╭─ Information shown

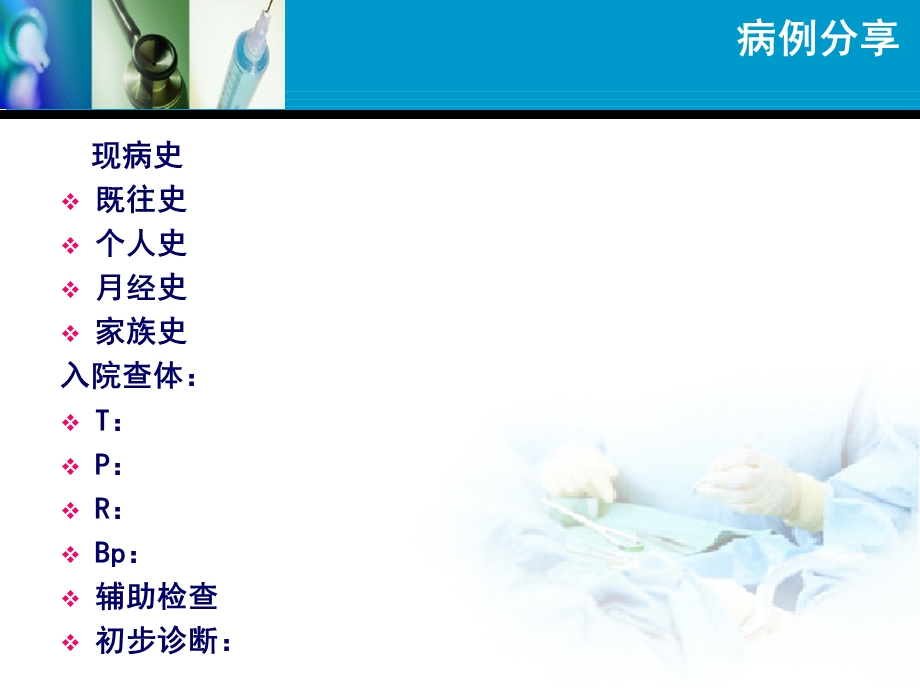 胆源性胰腺炎教学查房ppt.ppt_第2页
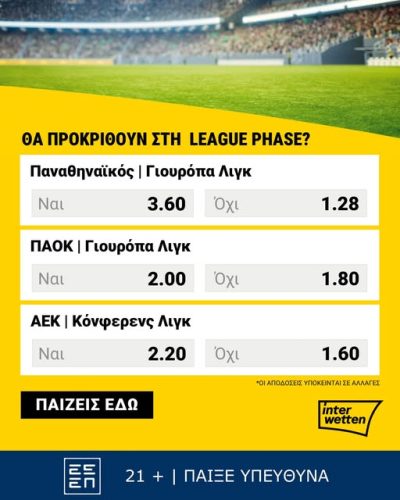 interwetten 5.8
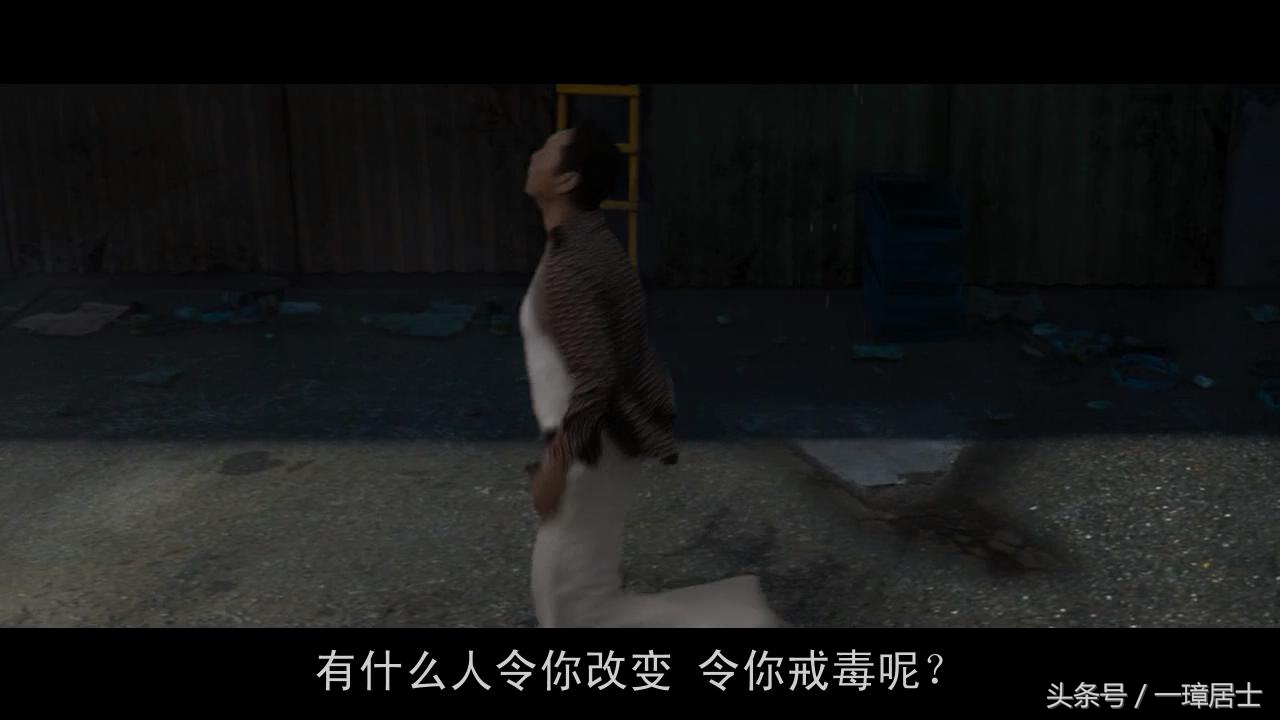 吸毒成瘾是身体依赖还是心理依赖,吸毒的真正可怕之处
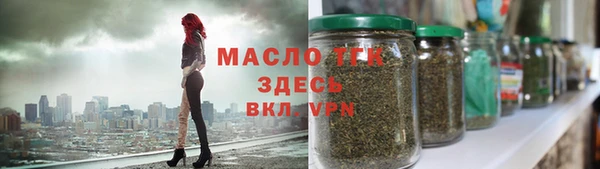 кокаин перу Ельня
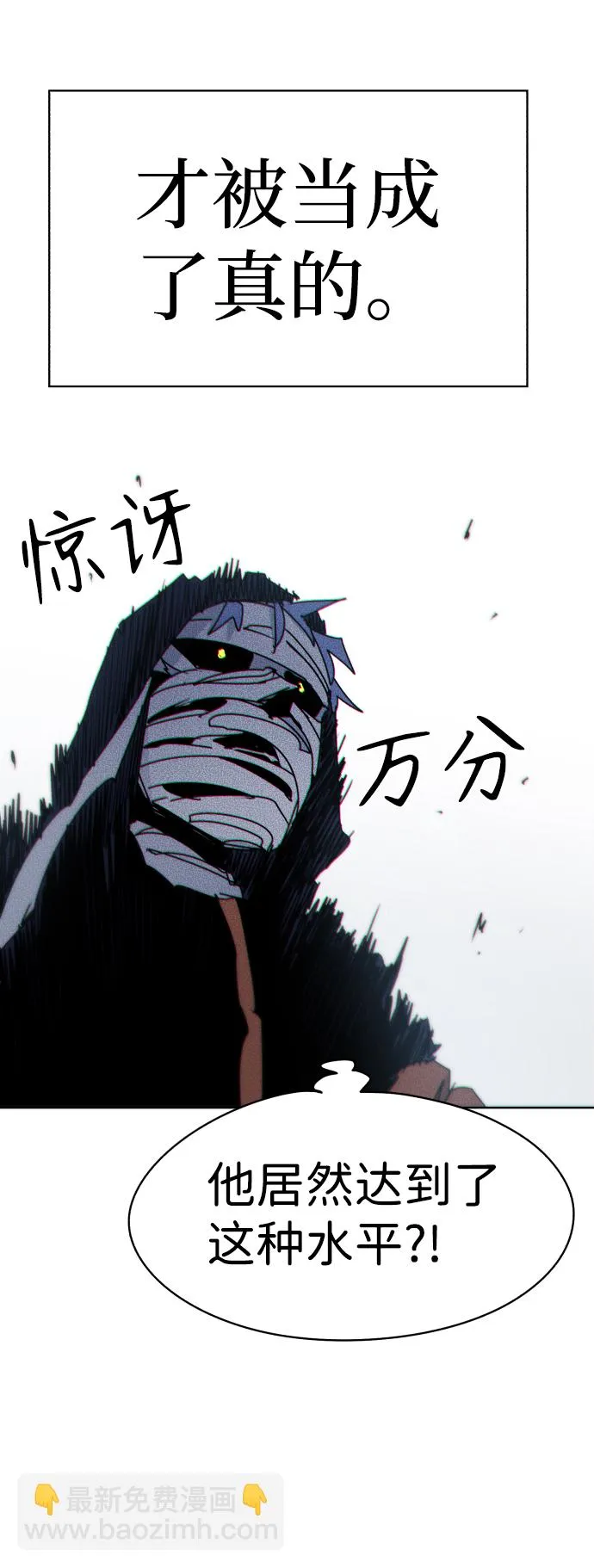 第17话 第64页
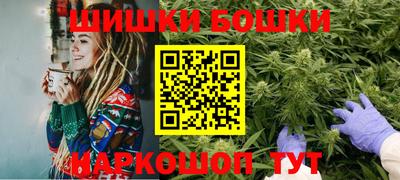 дурь Кингисепп
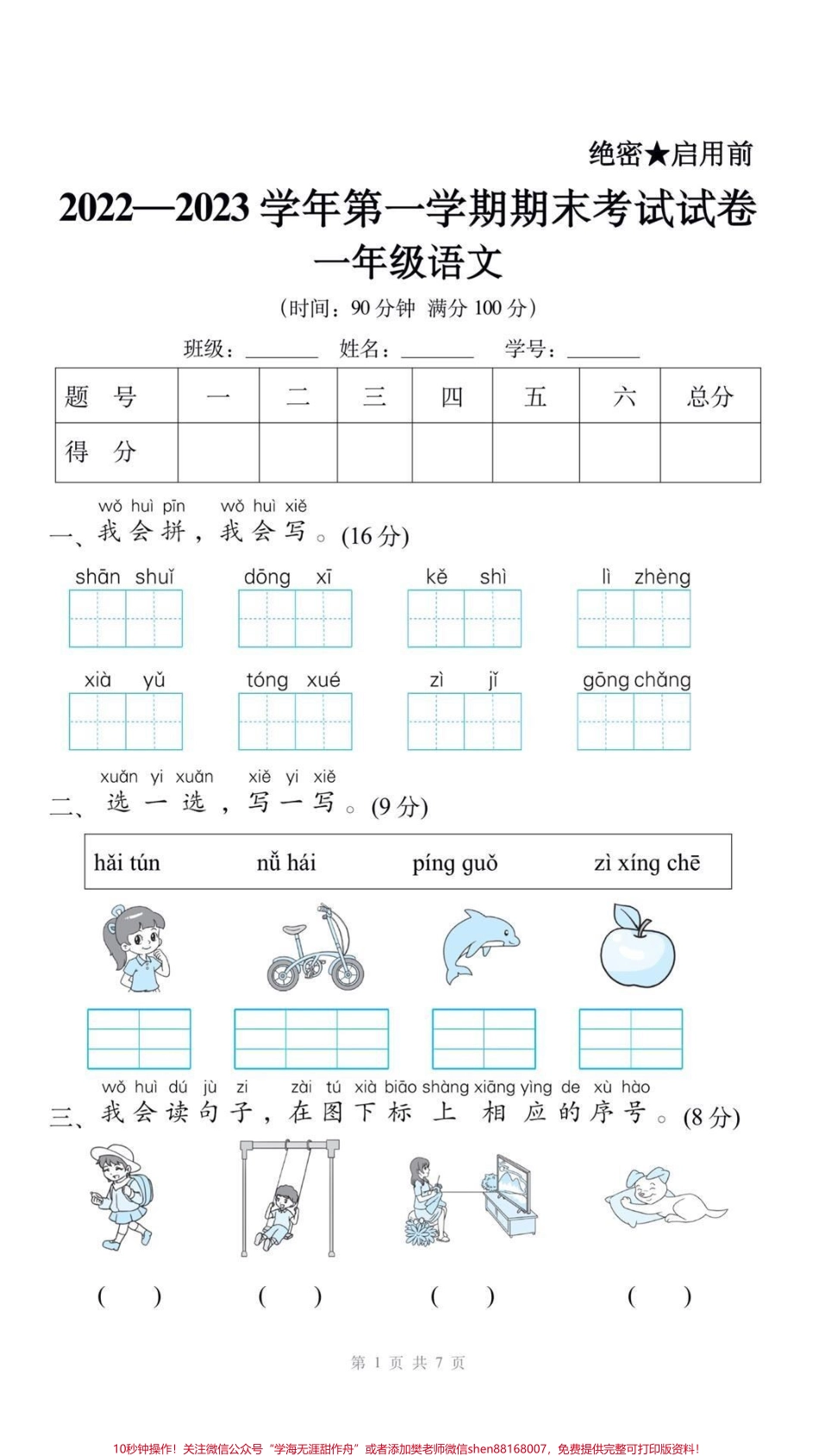 一年级上册语文期末测试#一年级语文#期末考试 #必考考点 #学习资料分享 #易错题 @抖音小助手 @抖音创作者中心 @抖音热点宝.pdf_第1页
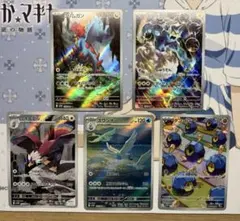 ブラックボルト ホワイトフレア AR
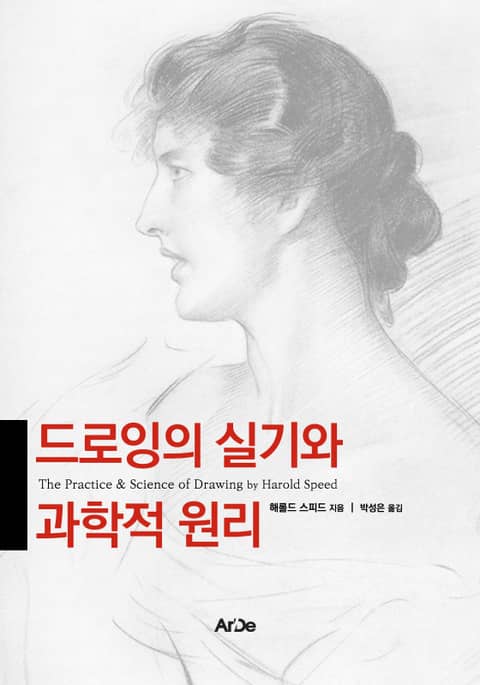 드로잉의 실기와 과학적 원리 표지 이미지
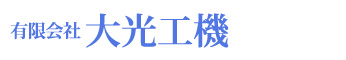 有限会社大光工機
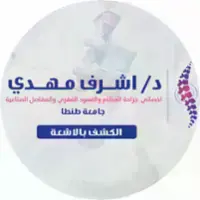 دكتور-أشرف-مهدي-أخصائي-جراحة-العظام-و-الكسور-و-العمود-الفقري logo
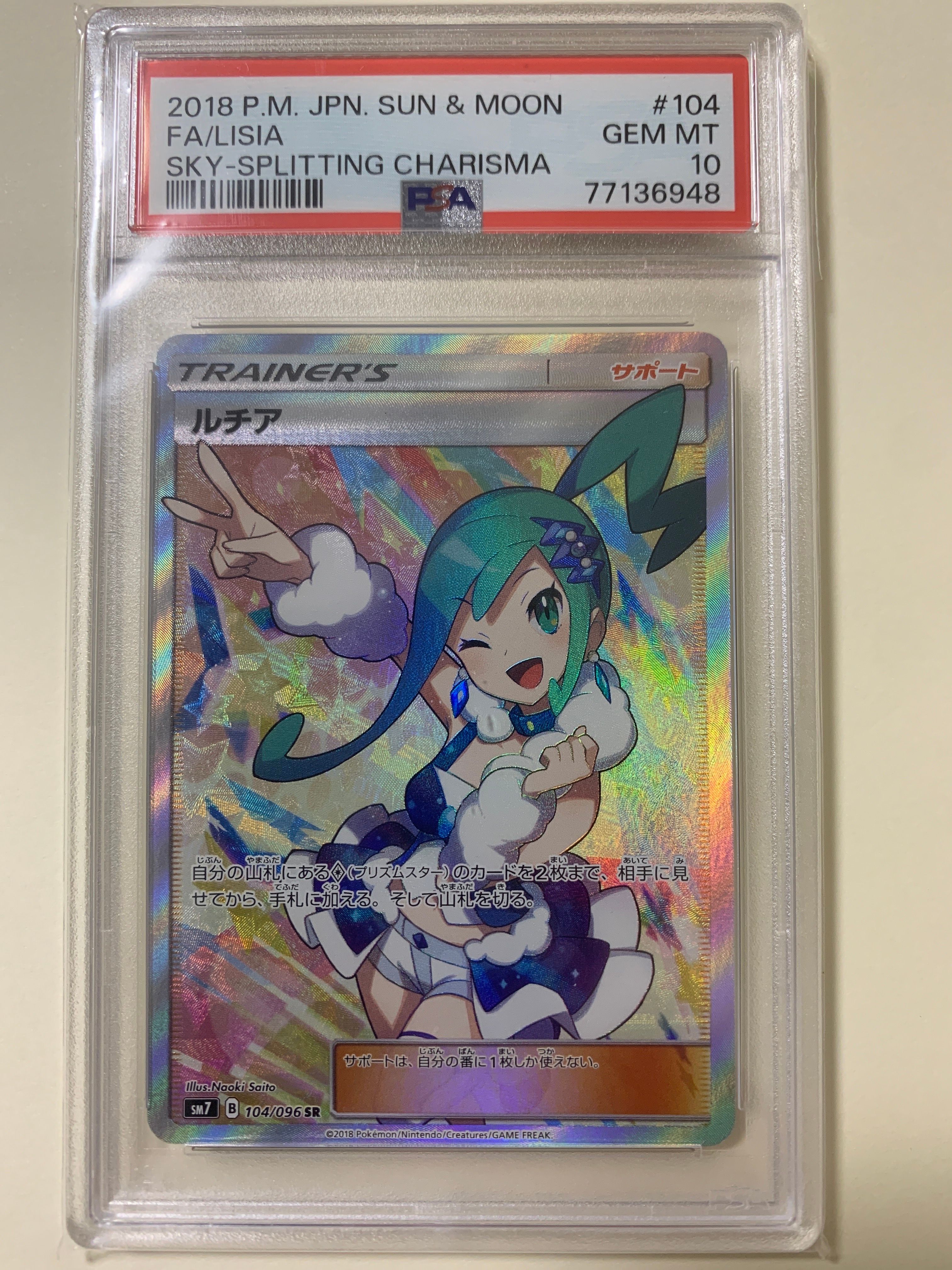 ルチア SR[SM7 104/096](拡張パック「裂空のカリスマ」)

╰─

**What you will do**
Give again, exactly, each line from the one that contains "кокаин перу Ельня" through the last line of the material above. Pictures do not belong in the copy.

**Result**
 кокаин перу Ельня
 第17话 第64页
 дурь Кингисепп
 一年级上册语文期末测试#一年级语文#期末考试 #必考考点 #学习资料分享 #易错题 @抖音小助手 @抖音创作者中心 @抖音热点宝.pdf_第1页
 ブラックボルト ホワイトフレア AR
 드로잉의 실기와 과학적 원리 표지 이미지
 有限会社大光工機
 دكتور-أشرف-مهدي-أخصائي-جراحة-العظام-و-الكسور-و-العمود-الفقري logo
 ルチア SR[SM7 104/096](拡張パック「裂空のカリスマ」)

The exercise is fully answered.